CUDA: Separable compilation fails with Clang and native/all/all-major archs
CMake fails when CMAKE_CUDA_ARCHITECTURES is set to native, all or all-major with Clang for targets with CUDA_SEPARABLE_COMPILATION setting as ON, then cmake does not detect correct value for architecture
When env is clang and CMAKE_CUDA_ARCHITECTURES is set to native, all, or all-major then targets which has CUDA_SEPARABLE_COMPILATION set to ON, gives error because it uses architecture as sm_native if native is set and sm_all if all or all-major is set for CMAKE_CUDA_ARCHITECTURES
The targets which are set with CUDA_SEPARABLE_COMPILATION as ON, calls internally in cmake "cmMakefileExecutableTargetGenerator::WriteDeviceExecutableRule" function in file cmMakefileExecutableTargetGenerator.cxx (!5221 (diffs))

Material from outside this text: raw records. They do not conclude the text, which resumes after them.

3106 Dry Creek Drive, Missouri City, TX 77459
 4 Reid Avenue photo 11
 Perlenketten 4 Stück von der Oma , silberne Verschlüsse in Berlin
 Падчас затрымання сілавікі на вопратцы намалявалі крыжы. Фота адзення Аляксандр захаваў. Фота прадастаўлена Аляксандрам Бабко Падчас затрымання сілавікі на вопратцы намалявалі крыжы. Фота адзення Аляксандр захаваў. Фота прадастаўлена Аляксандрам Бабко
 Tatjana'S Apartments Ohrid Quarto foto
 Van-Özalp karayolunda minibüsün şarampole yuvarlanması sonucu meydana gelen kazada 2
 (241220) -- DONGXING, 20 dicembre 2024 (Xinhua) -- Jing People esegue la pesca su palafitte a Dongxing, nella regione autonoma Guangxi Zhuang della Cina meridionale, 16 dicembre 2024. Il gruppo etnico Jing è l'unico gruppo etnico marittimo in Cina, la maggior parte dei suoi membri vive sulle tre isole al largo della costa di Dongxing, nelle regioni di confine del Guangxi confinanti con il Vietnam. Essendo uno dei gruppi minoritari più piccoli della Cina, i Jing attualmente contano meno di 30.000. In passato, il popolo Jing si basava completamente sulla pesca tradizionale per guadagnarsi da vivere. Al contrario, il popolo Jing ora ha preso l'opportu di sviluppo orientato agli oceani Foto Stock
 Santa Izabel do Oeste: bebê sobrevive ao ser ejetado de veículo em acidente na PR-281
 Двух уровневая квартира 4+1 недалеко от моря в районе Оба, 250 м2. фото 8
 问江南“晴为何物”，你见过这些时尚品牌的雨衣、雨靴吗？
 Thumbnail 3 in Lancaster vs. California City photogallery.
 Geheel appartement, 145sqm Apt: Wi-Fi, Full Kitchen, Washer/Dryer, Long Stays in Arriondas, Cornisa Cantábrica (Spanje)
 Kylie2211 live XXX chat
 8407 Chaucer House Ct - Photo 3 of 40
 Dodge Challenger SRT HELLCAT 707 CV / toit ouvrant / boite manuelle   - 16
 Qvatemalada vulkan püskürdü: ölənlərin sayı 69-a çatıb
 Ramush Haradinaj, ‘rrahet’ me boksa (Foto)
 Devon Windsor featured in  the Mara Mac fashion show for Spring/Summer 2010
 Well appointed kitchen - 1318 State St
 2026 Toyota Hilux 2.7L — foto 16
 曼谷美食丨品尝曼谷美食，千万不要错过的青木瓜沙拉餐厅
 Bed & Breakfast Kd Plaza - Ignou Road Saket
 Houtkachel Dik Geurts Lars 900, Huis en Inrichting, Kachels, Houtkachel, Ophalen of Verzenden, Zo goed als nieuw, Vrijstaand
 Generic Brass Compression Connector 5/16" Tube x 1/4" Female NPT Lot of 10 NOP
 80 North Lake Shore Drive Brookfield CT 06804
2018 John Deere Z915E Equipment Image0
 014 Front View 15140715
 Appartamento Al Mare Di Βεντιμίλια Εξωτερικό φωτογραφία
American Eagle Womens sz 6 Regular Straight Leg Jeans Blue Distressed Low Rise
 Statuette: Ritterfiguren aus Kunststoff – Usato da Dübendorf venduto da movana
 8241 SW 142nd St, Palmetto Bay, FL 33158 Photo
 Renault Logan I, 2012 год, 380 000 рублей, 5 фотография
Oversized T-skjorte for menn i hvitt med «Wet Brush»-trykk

if (this->Makefile->GetSafeDefinition("CMAKE_CUDA_COMPILER_ID") == "Clang") {
this->WriteDeviceLinkRule(commands, targetOutput);
} else {
this->WriteNvidiaDeviceExecutableRule(relink, commands, targetOutput);
}
so when env is gnu, then it calls WriteNvidiaDeviceExecutableRule which does not use CMAKE_CUDA_ARCHITECTURES variable but when env is clang, it calls WriteDeviceLinkRule and it uses the value of CMAKE_CUDA_ARCHITECTURES variable. And this does not find the exact architecture value when CMAKE_CUDA_ARCHITECTURES is native, all or all-major.